--- Dataset ---
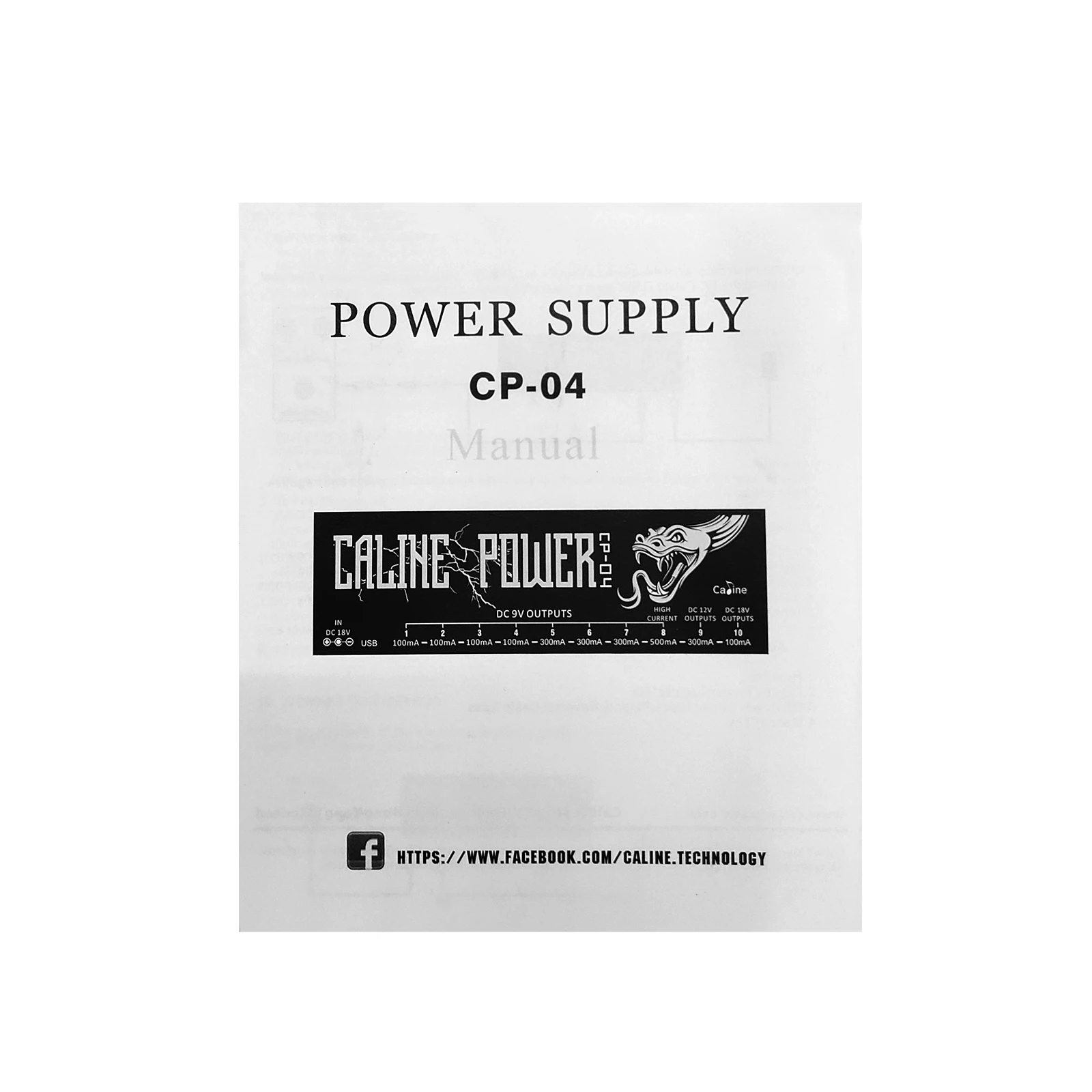Caline Guitar Effect Power Supply Metal Circuit Board 10 Isolated Output For 18V Effect Pedal Guitar Parts Accessories - view 6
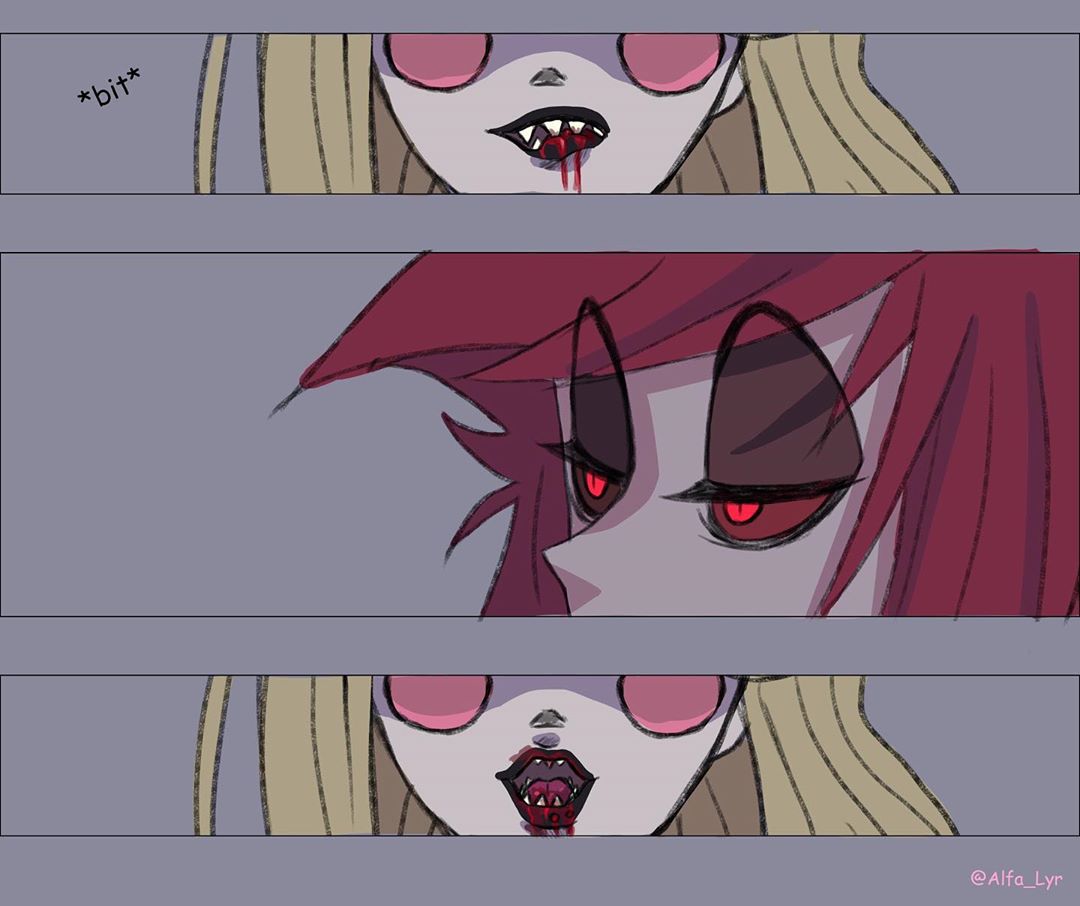 Charlie &amp; Alastor by Alfa_Lyr page 5 full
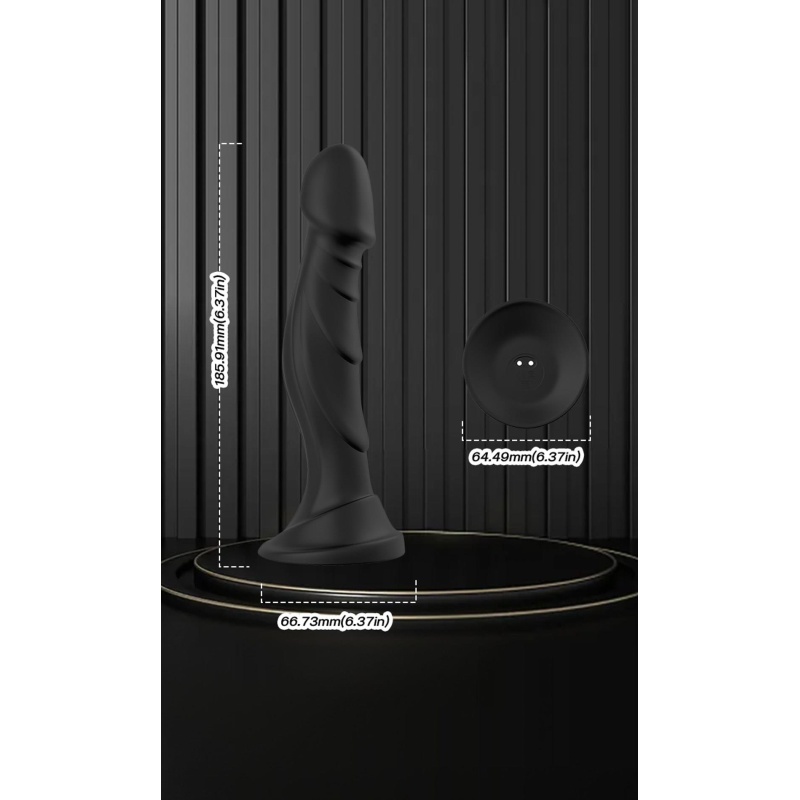 Optimus Black, 9 vibration functions, Remote control - 14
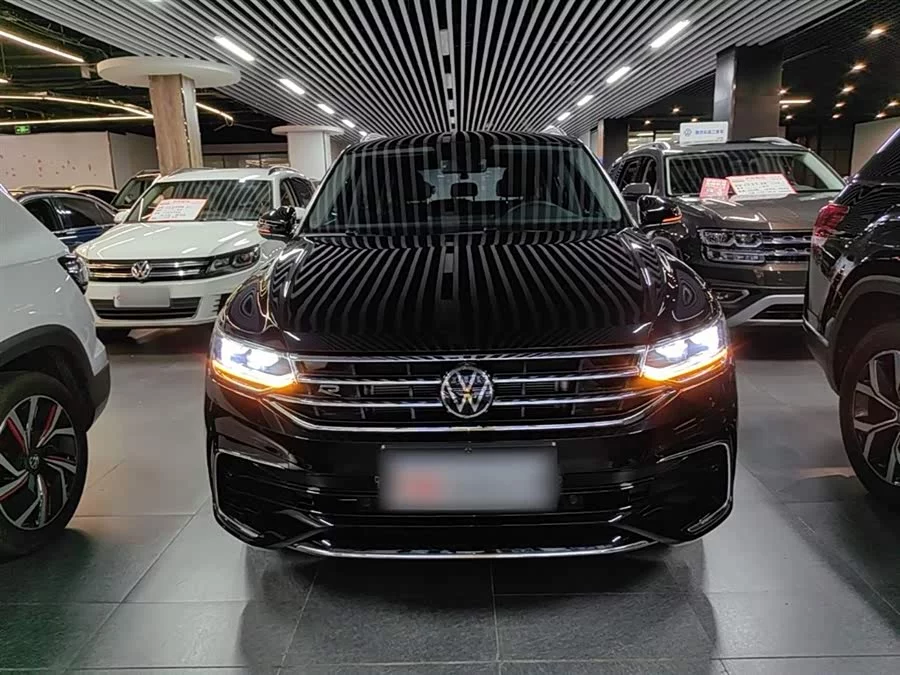 Volkswagen Tiguan L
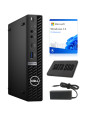 Miniaturowy Komputer Dell OptiPlex 7090 Micro i5-11500T 16GB 256GB SSD Win11Pro Klasa A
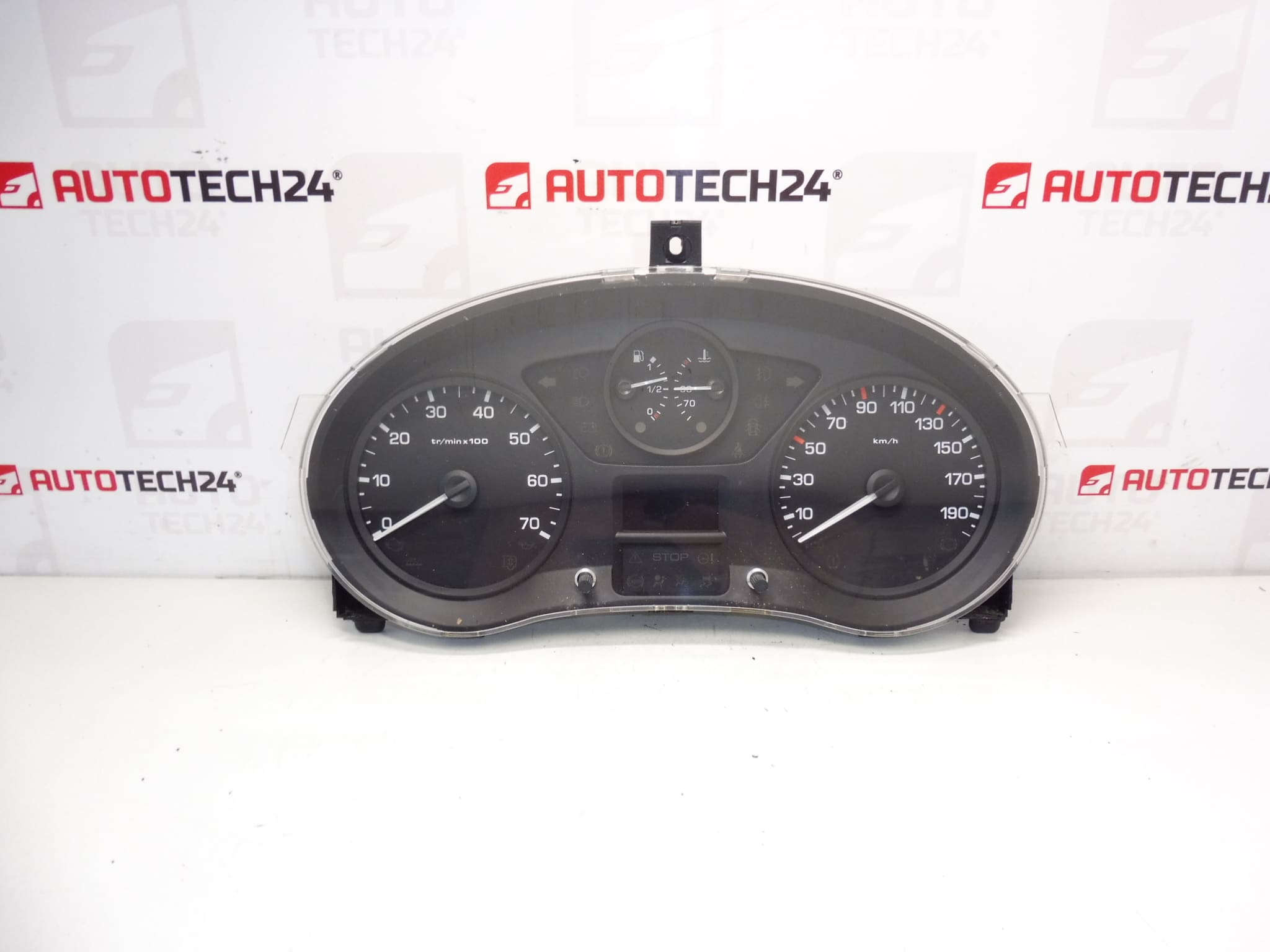 Tachometer Citroën Berlingo B9 Peugeot Partner 9801642280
---
* _Work request_
None of the pictures should appear; repeat the records exactly otherwise.

* _Exercise answer_
Caline Guitar Effect Power Supply Metal Circuit Board 10 Isolated Output For 18V Effect Pedal Guitar Parts Accessories - view 6
 Charlie &amp; Alastor by Alfa_Lyr page 5 full
 Optimus Black, 9 vibration functions, Remote control - 14
 Volkswagen Tiguan L
 Miniaturowy Komputer Dell OptiPlex 7090 Micro i5-11500T 16GB 256GB SSD Win11Pro Klasa A
 Tachometer Citroën Berlingo B9 Peugeot Partner 9801642280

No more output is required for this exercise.